Let $A$ be a nonunital Banach algebra and denote by $A^+$ the unitization of $A$. One commonly used Banach algebra norm on $A^+$ is given by $||(a,\lambda)||=||a||+|\lambda|$ (where $a\in A,\lambda\in\mathbb{C}$). Another possibility is $||(a,\lambda)||=\sup_{b\in A,||b||\leq 1}||ab+\lambda b||$, which is a $C^*$ norm when $A$ is a $C^*$-algebra.
Are the two norms equivalent? And if $\pi:A^+\rightarrow\mathbb{C}$ is the natural homomorphism, and $A^+$ is given the second norm, is it still true that $||\pi||\leq 1$ when $A$ is a Banach (not necessarily $C^*$) algebra?
Let $\| \cdot \|$ be the norm on $A$, but the other two norms let be $$ \| (a,\lambda)\|_1=\| a\|+|\lambda|\quad \text{and}\quad \| (a,\lambda)\|_2=\sup\{ \| ab+\lambda b\|; b\in A, \| b\| \leq 1\}. $$ It is obvious that $\| ab+\lambda b\| \leq (\| a\|+|\lambda|)\| b\|$ which gives $\|(a,\lambda)\|_2\leq \|(a,\lambda)\|_1$. Hence, the identity operator $I:(a,\lambda) \mapsto (a,\lambda)$ is a bounded bijection from $(A^+, \| \cdot \|_1)$ to $(A^+, \| \cdot \|_2)$. By the Open Mapping Theorem, the inverse is bounded as well, i.e., there exists a constant $c>0$ such that $\|(a,\lambda)\|_1\leq c \|(a,\lambda)\|_2$. This proves the equivalence of the norms.

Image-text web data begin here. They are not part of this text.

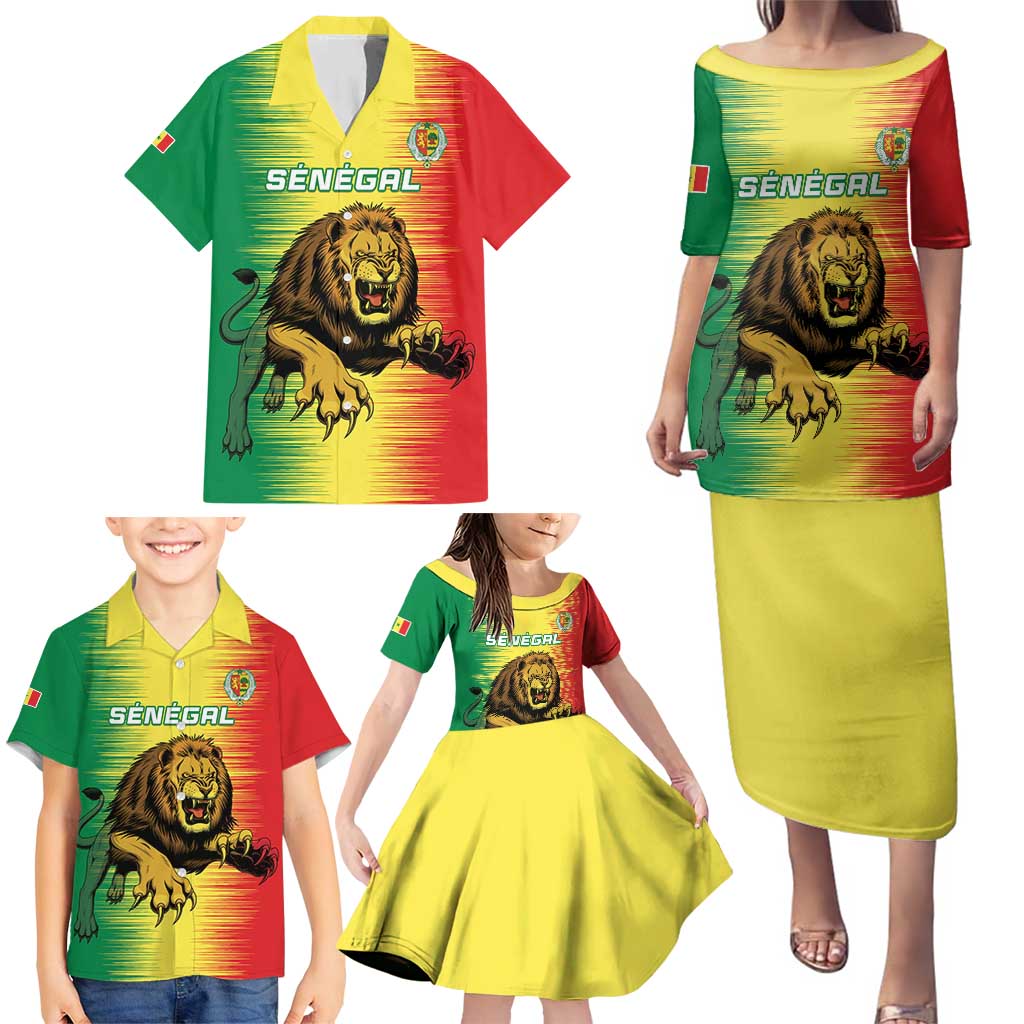 Custom Senegal Football Family Matching Puletasi and Hawaiian Shirt Go Lions of Teranga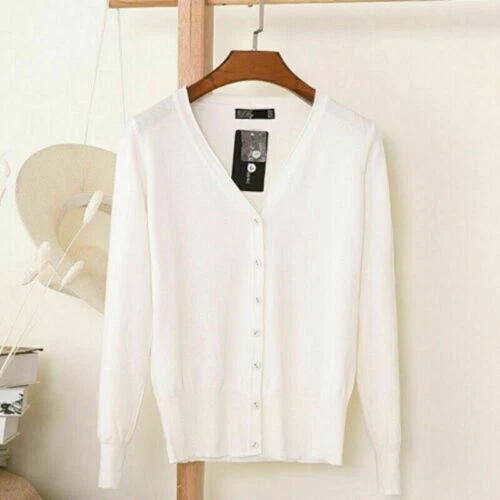 Womens Cardigan Long Sleeve Ladies Knitted Top Outwear Cardigans Plus Size 8-24 - Picture 24 of 39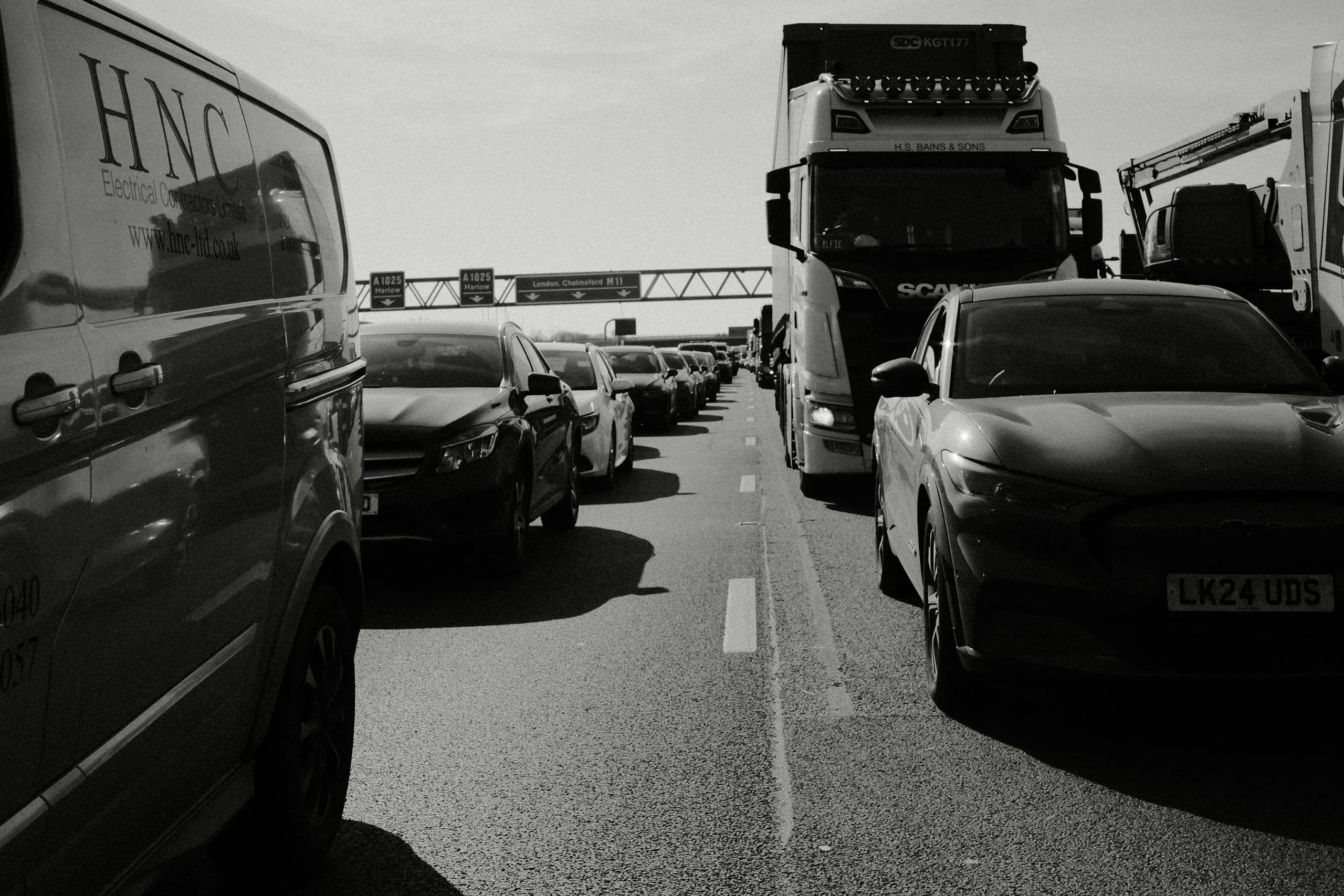 Cars stopped after an accident blocks the M11 northbound, Essex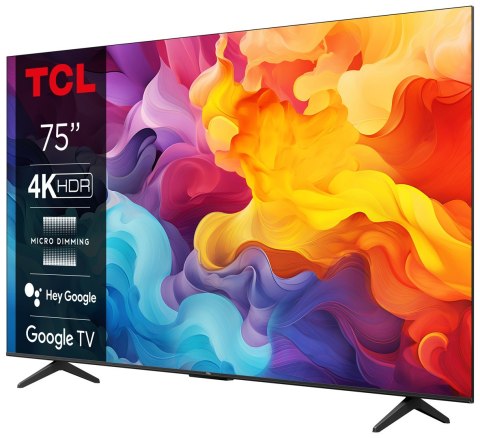 Telewizor TCL 75P655 LED 75" 4K Ultra HD Google TV Dolby Audio DVB-T2 Czarny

Let $\pi:(A^+,\| \cdot\|) \to {\mathbb C}$ be given by $\pi(a,\lambda)=\lambda$, where $\| \cdot \|$ is an arbitrary norm which makes $A^+$ a unital Banach algebra. It is easy to see that $\pi$ is a nonzero homomorphism. Since $\pi$ is multiplicative it maps invertible elements into invertible elements (=non-zero numbers). Denote by $\sigma(\cdot)$ the spectrum and by $r(\cdot)$ the spectral radius. It is obvious that $\sigma(\pi(a,\lambda))=\{\lambda\}$ and $\lambda\in \sigma((a,\lambda))$. Hence $|\lambda|=r(\pi(a,\lambda))\leq r((a,\lambda))$. It is a standard fact that in any unital Banach algebra the spectral radius is smaller than the norm. Thus we conclude that $$ |\lambda|=r(\pi((a,\lambda))\leq r((a,\lambda))\leq\|(a,\lambda)\|. $$ Hence $\| \pi\| \leq 1$. Actually, $\| \pi\|=1$ as $\pi((0,1))=1$.